Berube, 53, carved out a 1,054-game NHL career as an undrafted player despite never scoring more than 18 points in any season. His 3,149 penalty minutes are seventh all-time – three spots ahead of Tocchet. He is pound-for-pound one of the toughest guys ever to play in the NHL. One stare will send a shiver through your spine.

“Guys that have a long career like that are the guys that really get it as far as team play because they’ve had to sacrifice a lot,” said Blues defenceman Jay Bouwmeester. “He saw it differently than top-end guys. He’s really put us into positions where we’re going to be better as players. Everyone’s had a role and everyone’s just kind of ran with it.”

Berube is a hockey lifer. The Calahoo, Alta., native made his NHL debut in 1986 with Tocchet, closed out his career in the AHL in 2004, then immediately transitioned to coaching as an AHL assistant the following season during the NHL lockout.

He has plied the coaching trade for 15 years now, working as AHL assistant to AHL head coach to NHL assistant. Berube served under Ken Hitchcock, John Stevens and Peter Laviolette for seven seasons in Philadelphia before getting a crack to replace Laviolette as the Flyers’ head man in 2013.

Berube was fired after parts of two seasons and a 76-58-28 record. He went back to the AHL when given a chance by Blues GM Doug Armstrong to run their farm team in Chicago. Brayden Schenn played for Berube in both Philadelphia and St. Louis and said he's noticed a change. Schenn surmised that since Berube was an assistant there for so long that everyone knew ‘Chief’ as a guy you could talk to or joke around with.

“I do notice a little difference,” Schenn said. “He will still have fun with guys. He’ll sit with the boys in the steam room for a few minutes or whatever. He’s fun. The guys love him. But I think he’s kept to himself a little bit more.”

Tocchet said that Berube has “kept a smaller inner circle” since getting a second crack.

“You learn to not listen to the outside as much,” said Tocchet, also on his second NHL head coaching job in Arizona. “What I love about Chief is that he’s the same as a friend as he is a coach. He’ll give you his honest opinion – he’s brutally honest. He also understands players’ needs. So when you mix that with his bluntness that has a lot of staying power.

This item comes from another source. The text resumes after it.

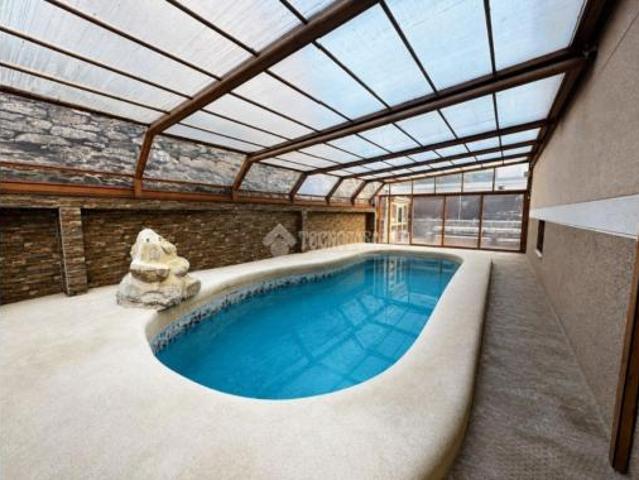 Chalet en venta en Pedrezuela, Madrid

“He is able to get guys to have a team-first mentality, to sacrifice their own agenda. That’s hard to do.”

There is a team mantra posted on the Blues’ dressing room wall that says: ‘Culture beats strategy every time.’ But Bouwmeester said Berube’s attitude can best be described as, “[Bleep] happens. What can you do about it?”

“I think that’s kind of the attitude we’ve taken,” Bouwmeester said. “He’s easy to mirror. When things are tense, he’ll make a joke. He knows because he’s been around it forever.”

On paper, the Blues were a good team before Berube arrived. No one will question that.

But Berube is a Jack Adams Award finalist because he has built up a group that’s now as mentally tough as he was on the ice.

He’s instilled an attitude that says “[bleep] happens” after a brutal missed call on a hand pass in Game 3 of the Western Conference final – one that responds by outscoring the San Jose Sharks 7-1 since then.

“He taught us, ‘Don’t look back,’” Bouwmeester said. “Because what’s the point?”